As the most active project (by number of committers) in the Apache Hadoop open source community, it’s not surprising that Spark has drawn much excitement and expectation. At the core, there are several key elements to Spark’s appeal:
1. It provides a much simpler and more resilient programming model compared to MapReduce – for instance, it can restart failed nodes in process rather than requiring the entire run to be restarted from scratch.
2. It takes advantage of DRAM memory, significantly accelerating compute jobs – and because of the speed, allowing more complex, chained computations to run (which could be quite useful for simulations or orchestrated computations based on if/then logic).
3. It is extensible. Spark provides a unified computing model that lets you mix and match complex iterative MapReduce-style computation with SQL, streaming, machine learning and other processes on the same node, with the same data, on the same cluster, without having to invoke separate programs. It’s akin to what Teradata is doing with the SNAP framework to differentiate its proprietary Aster platform.
So we were quite pleased to see Spark Summit making it to New York and have the chance to get immersed in the discussion.
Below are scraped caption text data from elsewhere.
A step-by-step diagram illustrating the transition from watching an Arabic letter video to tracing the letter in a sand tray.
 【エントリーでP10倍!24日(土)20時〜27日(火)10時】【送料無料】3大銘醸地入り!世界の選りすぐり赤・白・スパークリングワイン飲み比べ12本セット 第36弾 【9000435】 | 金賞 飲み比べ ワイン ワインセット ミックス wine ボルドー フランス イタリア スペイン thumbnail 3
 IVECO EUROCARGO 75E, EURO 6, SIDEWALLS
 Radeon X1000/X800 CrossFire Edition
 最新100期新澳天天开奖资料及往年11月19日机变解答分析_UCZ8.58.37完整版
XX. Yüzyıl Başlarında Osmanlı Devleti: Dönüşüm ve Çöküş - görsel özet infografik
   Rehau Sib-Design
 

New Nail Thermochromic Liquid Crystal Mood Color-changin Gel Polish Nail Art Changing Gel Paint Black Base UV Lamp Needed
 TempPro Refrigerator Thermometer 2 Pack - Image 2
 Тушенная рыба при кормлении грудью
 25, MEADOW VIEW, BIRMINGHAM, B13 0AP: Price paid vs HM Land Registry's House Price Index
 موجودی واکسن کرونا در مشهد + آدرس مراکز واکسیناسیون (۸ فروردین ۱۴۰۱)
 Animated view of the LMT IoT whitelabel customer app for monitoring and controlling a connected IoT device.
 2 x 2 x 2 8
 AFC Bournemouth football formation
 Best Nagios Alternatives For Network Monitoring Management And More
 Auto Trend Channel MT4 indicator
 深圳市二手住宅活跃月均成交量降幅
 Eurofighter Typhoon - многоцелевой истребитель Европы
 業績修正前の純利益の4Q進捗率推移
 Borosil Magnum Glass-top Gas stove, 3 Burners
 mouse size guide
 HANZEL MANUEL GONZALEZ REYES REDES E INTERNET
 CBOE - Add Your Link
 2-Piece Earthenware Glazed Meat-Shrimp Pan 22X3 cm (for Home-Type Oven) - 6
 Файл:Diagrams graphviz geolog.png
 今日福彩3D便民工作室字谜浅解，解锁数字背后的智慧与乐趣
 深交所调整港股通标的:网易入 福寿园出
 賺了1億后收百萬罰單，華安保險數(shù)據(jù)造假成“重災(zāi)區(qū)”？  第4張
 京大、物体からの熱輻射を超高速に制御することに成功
Last fall, Databricks, whose founders created Spark from their work at UC Berkeley’s AMPlab, announced their first commercial product – that being a Spark Platform-as-A-Service (PaaS) cloud for developing Spark programs. We view the Databricks Cloud as a learning tool and incubator for developers to get up to speed on Spark without having to worry about marshaling compute clusters. The question on everybody’s minds at the conference was when the Databricks Cloud would go GA. The answer, like everything Spark, is about dealing with scalability – in this case, being capable of handling high con currency, highly spikey workloads. The latest word is later this year.
The trials and tribulations of the Databricks Cloud is quite typical for Spark – it’s dealing with scale, whether that be in numbers of users (concurrency) or data (when the data sets get too big for memory and must spill to disk). At a meetup last summer where we heard a trip report from Spark Summit 2015, the key pain point was having a more graceful spilling to disk.
Memory-resident compute frameworks of course are nothing new. SAS for instance has its LASR Server, which it contends is far more robust in dealing with concurrency and compute-intensive workloads. But, as SAS’s core business is analytics, we expect that they will meet Spark halfway to appeal to Spark developers.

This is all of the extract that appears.